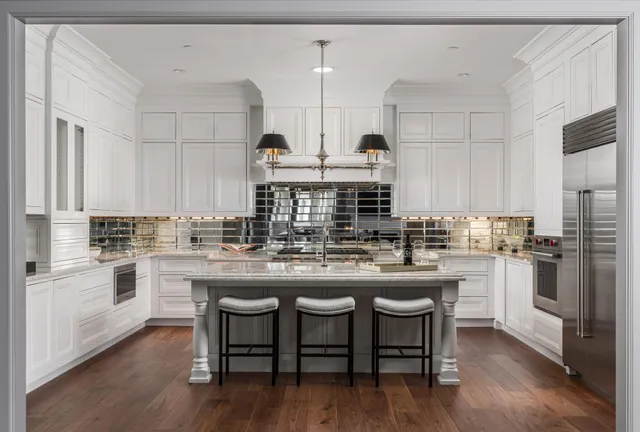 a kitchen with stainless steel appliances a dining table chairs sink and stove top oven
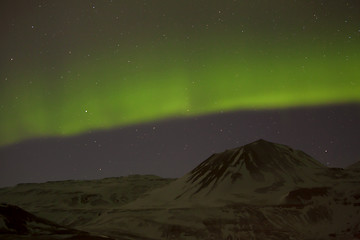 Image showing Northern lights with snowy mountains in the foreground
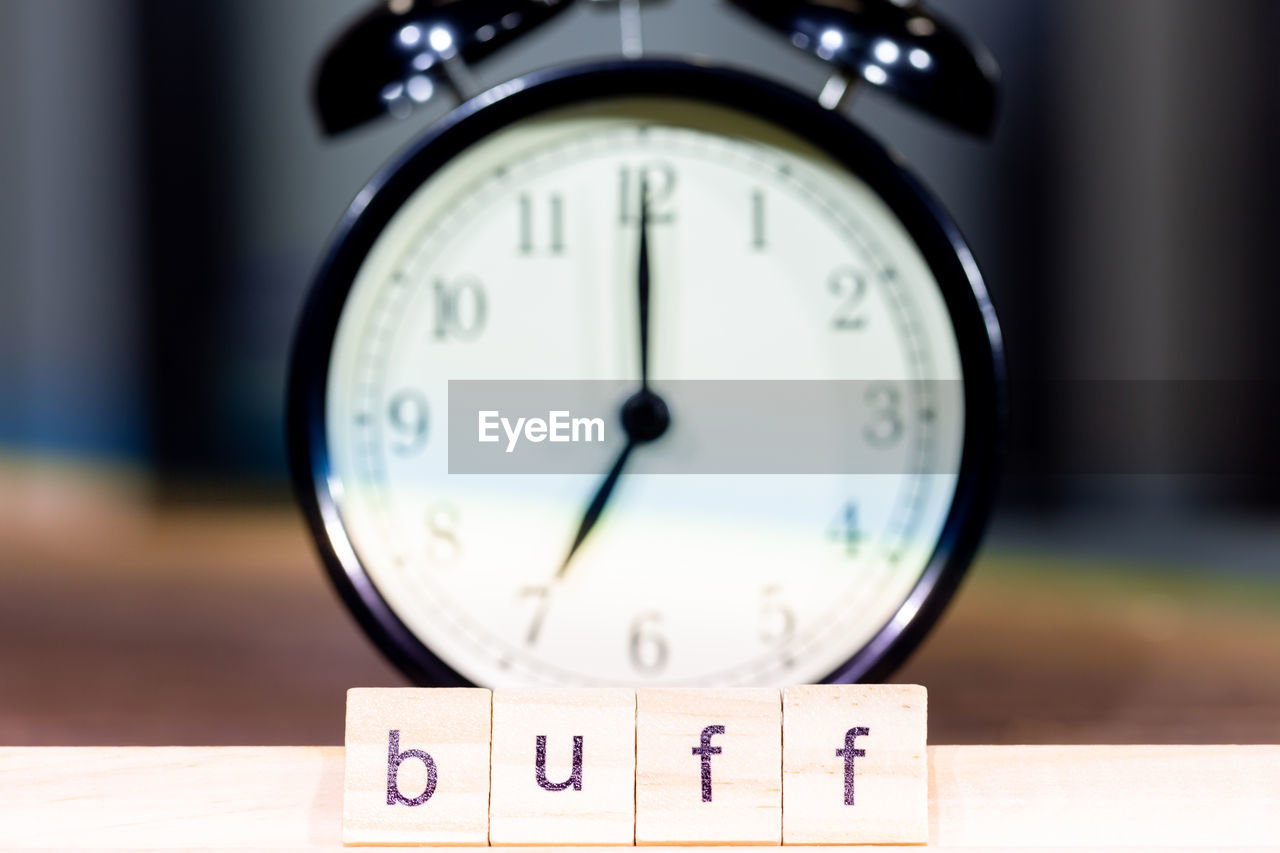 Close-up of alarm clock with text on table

▬▬▬▬▬▬▬▬▬▬

__What the task asks__
Once the pictures are removed, print all the remaining data exactly as it stands.

__Response box__
 a kitchen with stainless steel appliances a dining table chairs sink and stove top oven
 Image showing Northern lights with snowy mountains in the foreground
 Close-up of alarm clock with text on table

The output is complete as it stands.